Eval Framework
Understanding PromptKit’s automated evaluation system for LLM outputs.
Overview
Section titled “Overview”Evals are automated quality checks that run against LLM outputs. They answer questions like “Did the assistant stay on topic?”, “Was the JSON valid?”, or “Did it call the right tools?”. Evals are defined in pack files and execute automatically during conversations or against recorded sessions.
Evals use the same check types as assertions and guardrails. The difference is when and where they run: evals can fire in production on every turn, on a sampled subset, or at session close, whereas assertions only run during Arena tests and guardrails run inline before the response is delivered.
Eval handlers produce scores only (0.0–1.0). They never determine pass/fail — that responsibility belongs to assertion and guardrail wrappers. When used as standalone evals, the score is recorded as a metric and emitted as an event.

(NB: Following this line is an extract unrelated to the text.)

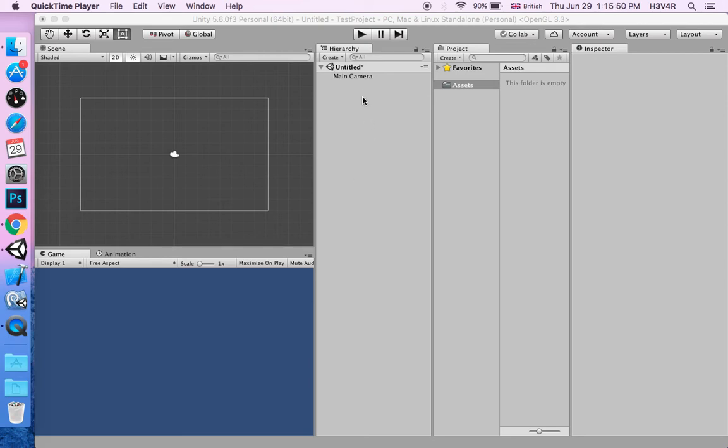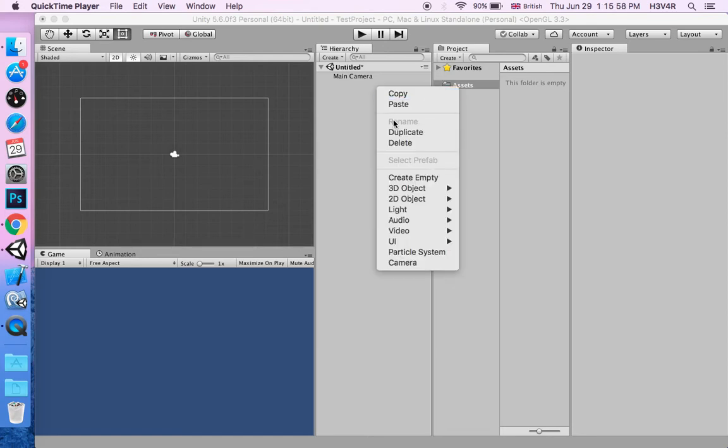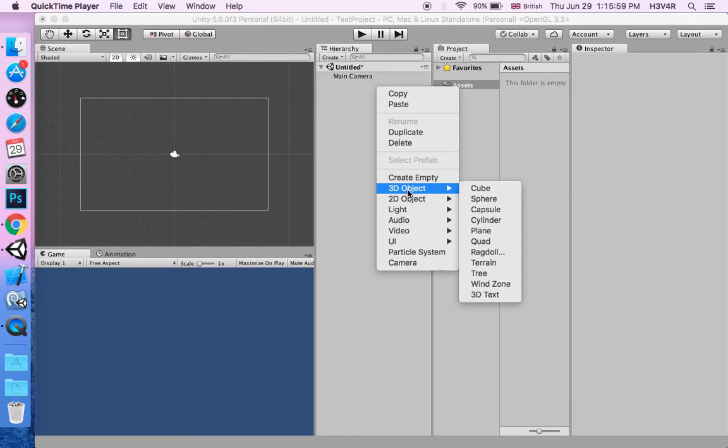Hello guys and welcome to a Unity tutorial about how to make a scrolling background. First things first, you have to right-click 3D object quad.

Pack File (evals) ──► EvalRunner ──► ResultWriter ──► Metrics / MetadataPack Evals vs Scenario Assertions
Section titled “Pack Evals vs Scenario Assertions”PromptKit offers two complementary evaluation mechanisms that share the same underlying check types:
| Pack Evals | Scenario Assertions | |
|---|---|---|
| Defined in | Pack file (evals array) | Arena scenario YAML |
| Scope | Any conversation using the pack | Specific test scenarios |
| When | Production + testing | Testing only |
| Check types | Any check from the unified catalog | Any check from the unified catalog |
| Trigger | Configurable (every turn, sampling, session close) | Every turn / conversation end |
Pack evals travel with your pack — they run in production, in Arena tests, and anywhere the pack is used. Think of them as built-in quality monitors.
Scenario assertions are Arena-specific test expectations. They validate specific conversation flows defined in your test scenarios.
Both can coexist: pack evals provide baseline quality monitoring while scenario assertions verify specific behaviors. See Unified Check Model for how evals, assertions, and guardrails relate.
Eval Definition Structure
Section titled “Eval Definition Structure”Each eval is an EvalDef object in the pack’s evals array. The structure combines a check type with trigger, sampling, threshold, and metric configuration:
{ "id": "quality_check", "type": "contains", "trigger": "every_turn", "params": { "patterns": ["thank you"] }, "threshold": { "min_score": 0.8 }, "enabled": true, "sample_percentage": 10, "metric": { "name": "response_quality", "type": "gauge", "labels": { "category": "tone" } }}| Field | Required | Description |
|---|---|---|
id | Yes | Unique identifier for the eval within the pack |
type | Yes | Check type from the Checks Reference |
trigger | Yes | When the eval fires (see Triggers) |
params | Varies | Parameters specific to the check type |
threshold | No | Pass/fail threshold (e.g. min_score) |
enabled | No | Whether the eval is active (default: true) |
sample_percentage | No | Percentage of turns/sessions to evaluate (for sampling triggers) |
groups | No | Eval groups for filtering (see Eval Groups) |
metric | No | Prometheus metric configuration (see Metrics & Prometheus) |
Triggers
Section titled “Triggers”Each eval specifies when it should fire:
| Trigger | Description | Use Case |
|---|---|---|
every_turn | After each assistant response | Real-time quality checks |
on_session_complete | When session closes | Summary evaluations |
sample_turns | Percentage of turns (hash-based) | Production sampling |
sample_sessions | Percentage of sessions (hash-based) | Production sampling |
on_conversation_complete | When multi-session conversation closes | Final evaluation |
on_workflow_step | After a workflow state transition | Workflow validation |
Sampling is deterministic — the same session ID and turn index always produce the same sampling decision (FNV-1a hash). This ensures reproducible behavior across runs.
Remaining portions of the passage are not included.